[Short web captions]
■ ■ ■ ■ ■ ■ ■

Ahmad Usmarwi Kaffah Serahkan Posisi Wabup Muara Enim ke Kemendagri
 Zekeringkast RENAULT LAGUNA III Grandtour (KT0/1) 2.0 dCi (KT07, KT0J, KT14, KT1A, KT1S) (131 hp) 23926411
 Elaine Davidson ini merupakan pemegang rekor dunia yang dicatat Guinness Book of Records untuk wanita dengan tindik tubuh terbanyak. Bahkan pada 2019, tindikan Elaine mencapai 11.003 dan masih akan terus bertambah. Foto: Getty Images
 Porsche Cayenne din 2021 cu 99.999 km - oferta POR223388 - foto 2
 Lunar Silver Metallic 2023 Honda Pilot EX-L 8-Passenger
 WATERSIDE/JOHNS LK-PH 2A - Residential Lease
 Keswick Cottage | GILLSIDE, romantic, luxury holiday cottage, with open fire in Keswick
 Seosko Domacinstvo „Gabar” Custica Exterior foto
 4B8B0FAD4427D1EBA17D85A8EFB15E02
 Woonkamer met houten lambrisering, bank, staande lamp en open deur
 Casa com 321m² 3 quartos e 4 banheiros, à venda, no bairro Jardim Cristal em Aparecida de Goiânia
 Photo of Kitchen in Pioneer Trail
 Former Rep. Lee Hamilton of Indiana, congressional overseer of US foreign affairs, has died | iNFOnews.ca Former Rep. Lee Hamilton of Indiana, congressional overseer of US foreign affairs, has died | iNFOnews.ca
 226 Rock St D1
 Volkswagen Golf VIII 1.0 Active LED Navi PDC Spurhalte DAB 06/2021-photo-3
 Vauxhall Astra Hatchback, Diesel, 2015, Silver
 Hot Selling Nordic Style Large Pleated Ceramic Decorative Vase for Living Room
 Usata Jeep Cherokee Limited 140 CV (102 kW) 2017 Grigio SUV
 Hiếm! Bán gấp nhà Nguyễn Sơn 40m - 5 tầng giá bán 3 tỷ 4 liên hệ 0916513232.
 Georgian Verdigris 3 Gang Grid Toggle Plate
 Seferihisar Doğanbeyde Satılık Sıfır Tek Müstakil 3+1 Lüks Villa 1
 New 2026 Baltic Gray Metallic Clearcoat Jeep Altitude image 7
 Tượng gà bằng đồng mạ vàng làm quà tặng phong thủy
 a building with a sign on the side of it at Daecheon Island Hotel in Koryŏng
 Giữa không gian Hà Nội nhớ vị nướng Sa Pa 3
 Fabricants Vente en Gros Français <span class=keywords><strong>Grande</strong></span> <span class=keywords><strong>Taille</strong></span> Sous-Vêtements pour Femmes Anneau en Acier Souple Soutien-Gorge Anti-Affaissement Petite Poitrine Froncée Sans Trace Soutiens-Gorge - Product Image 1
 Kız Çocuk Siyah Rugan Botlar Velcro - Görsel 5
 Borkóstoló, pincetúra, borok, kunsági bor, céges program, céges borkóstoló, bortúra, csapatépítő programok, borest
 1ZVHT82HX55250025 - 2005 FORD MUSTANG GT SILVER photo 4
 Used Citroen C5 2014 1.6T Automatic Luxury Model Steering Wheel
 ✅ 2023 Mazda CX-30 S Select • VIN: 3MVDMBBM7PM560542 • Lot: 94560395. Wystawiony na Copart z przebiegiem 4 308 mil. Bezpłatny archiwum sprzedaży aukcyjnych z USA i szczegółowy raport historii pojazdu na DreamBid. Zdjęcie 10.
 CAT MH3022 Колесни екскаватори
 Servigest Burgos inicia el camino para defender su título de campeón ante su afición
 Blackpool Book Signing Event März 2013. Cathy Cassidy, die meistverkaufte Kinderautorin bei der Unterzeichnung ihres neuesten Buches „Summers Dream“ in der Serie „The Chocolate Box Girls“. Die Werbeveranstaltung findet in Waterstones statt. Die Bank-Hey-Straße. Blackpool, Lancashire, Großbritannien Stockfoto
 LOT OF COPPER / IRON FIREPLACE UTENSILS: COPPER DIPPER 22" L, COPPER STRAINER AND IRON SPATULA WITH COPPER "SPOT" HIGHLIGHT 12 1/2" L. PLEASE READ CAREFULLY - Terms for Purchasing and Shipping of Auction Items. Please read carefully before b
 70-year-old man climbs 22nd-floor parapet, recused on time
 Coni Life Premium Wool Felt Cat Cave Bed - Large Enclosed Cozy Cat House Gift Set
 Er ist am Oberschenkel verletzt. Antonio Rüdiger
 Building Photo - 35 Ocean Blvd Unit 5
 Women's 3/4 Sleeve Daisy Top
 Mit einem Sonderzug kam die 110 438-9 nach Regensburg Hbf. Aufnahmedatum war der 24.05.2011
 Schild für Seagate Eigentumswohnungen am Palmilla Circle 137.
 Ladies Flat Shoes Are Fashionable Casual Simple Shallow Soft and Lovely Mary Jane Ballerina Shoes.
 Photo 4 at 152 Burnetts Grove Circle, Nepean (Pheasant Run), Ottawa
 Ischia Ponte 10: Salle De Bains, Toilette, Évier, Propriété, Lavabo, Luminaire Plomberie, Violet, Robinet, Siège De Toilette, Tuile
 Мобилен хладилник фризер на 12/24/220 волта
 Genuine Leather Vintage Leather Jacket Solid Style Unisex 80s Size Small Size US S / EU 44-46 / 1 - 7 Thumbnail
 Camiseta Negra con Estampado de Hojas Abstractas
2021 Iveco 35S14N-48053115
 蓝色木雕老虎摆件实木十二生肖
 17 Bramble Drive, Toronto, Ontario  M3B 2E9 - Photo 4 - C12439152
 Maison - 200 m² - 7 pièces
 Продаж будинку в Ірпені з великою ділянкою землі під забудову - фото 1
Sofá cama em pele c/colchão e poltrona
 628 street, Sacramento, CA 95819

■ ■ ■ ■ ■ ■ ■

Task item ▸ Could you set down, exactly as written, the lines above between the one holding "Tượng gà bằng" and the one holding "Kız Çocuk Siyah", inclusive, and nothing more?

Output ▸
 Tượng gà bằng đồng mạ vàng làm quà tặng phong thủy
 a building with a sign on the side of it at Daecheon Island Hotel in Koryŏng
 Giữa không gian Hà Nội nhớ vị nướng Sa Pa 3
 Fabricants Vente en Gros Français <span class=keywords><strong>Grande</strong></span> <span class=keywords><strong>Taille</strong></span> Sous-Vêtements pour Femmes Anneau en Acier Souple Soutien-Gorge Anti-Affaissement Petite Poitrine Froncée Sans Trace Soutiens-Gorge - Product Image 1
 Kız Çocuk Siyah Rugan Botlar Velcro - Görsel 5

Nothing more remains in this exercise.